━━━ RECORDS TO PROCESS ━━━
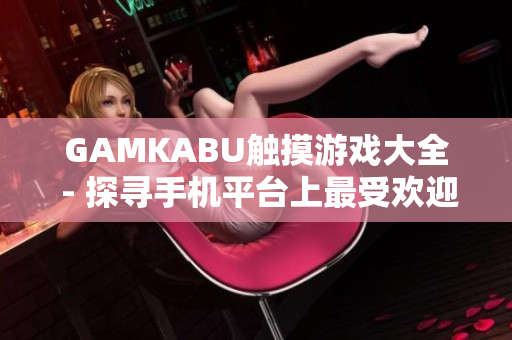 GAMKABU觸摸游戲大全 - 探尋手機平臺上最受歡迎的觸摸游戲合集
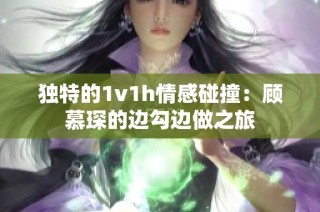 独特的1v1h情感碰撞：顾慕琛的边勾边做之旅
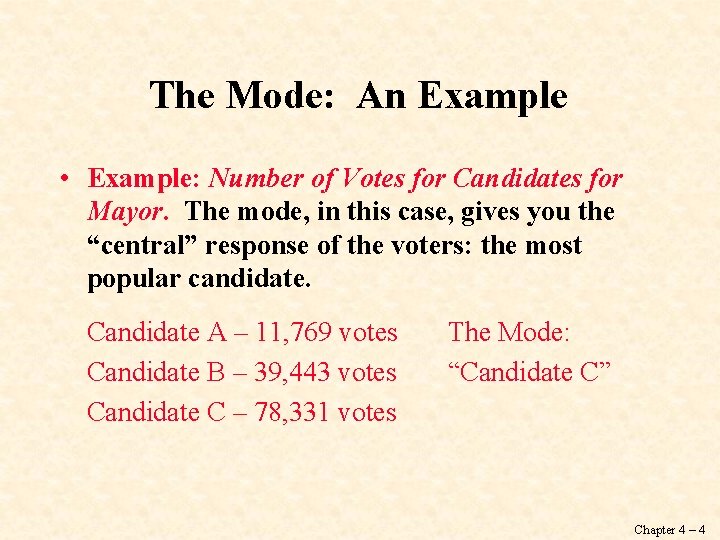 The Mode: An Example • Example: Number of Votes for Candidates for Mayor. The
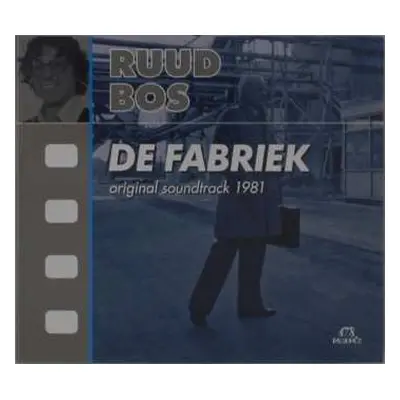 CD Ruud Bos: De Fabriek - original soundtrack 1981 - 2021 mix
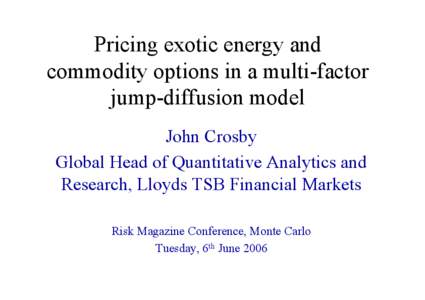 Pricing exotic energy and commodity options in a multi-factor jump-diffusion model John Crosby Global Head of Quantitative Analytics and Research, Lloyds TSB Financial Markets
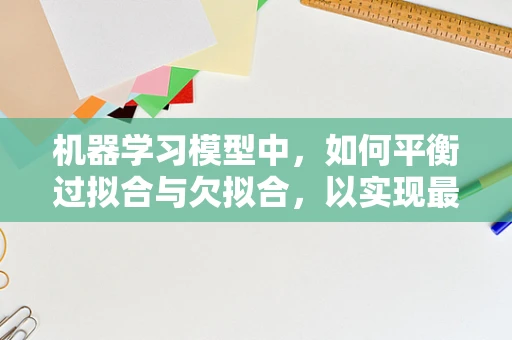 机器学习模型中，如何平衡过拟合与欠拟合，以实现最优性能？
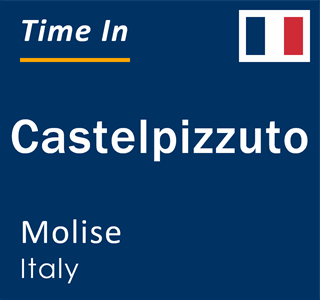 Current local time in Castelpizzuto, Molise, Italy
━━━
• _THE PROBLEM_
Exactly the lines from the one containing "独特的1v1h情感碰撞：顾慕琛的边勾边做之旅" through the last line of the data above should be output, both ends included, with every picture left out.

• _EXERCISE RESULT_
 独特的1v1h情感碰撞：顾慕琛的边勾边做之旅
 The Mode: An Example • Example: Number of Votes for Candidates for Mayor. The
 CD Ruud Bos: De Fabriek - original soundtrack 1981 - 2021 mix
 Pricing exotic energy and commodity options in a multi-factor jump-diffusion model John Crosby Global Head of Quantitative Analytics and Research, Lloyds TSB Financial Markets
 机器学习模型中，如何平衡过拟合与欠拟合，以实现最优性能？
 Current local time in Castelpizzuto, Molise, Italy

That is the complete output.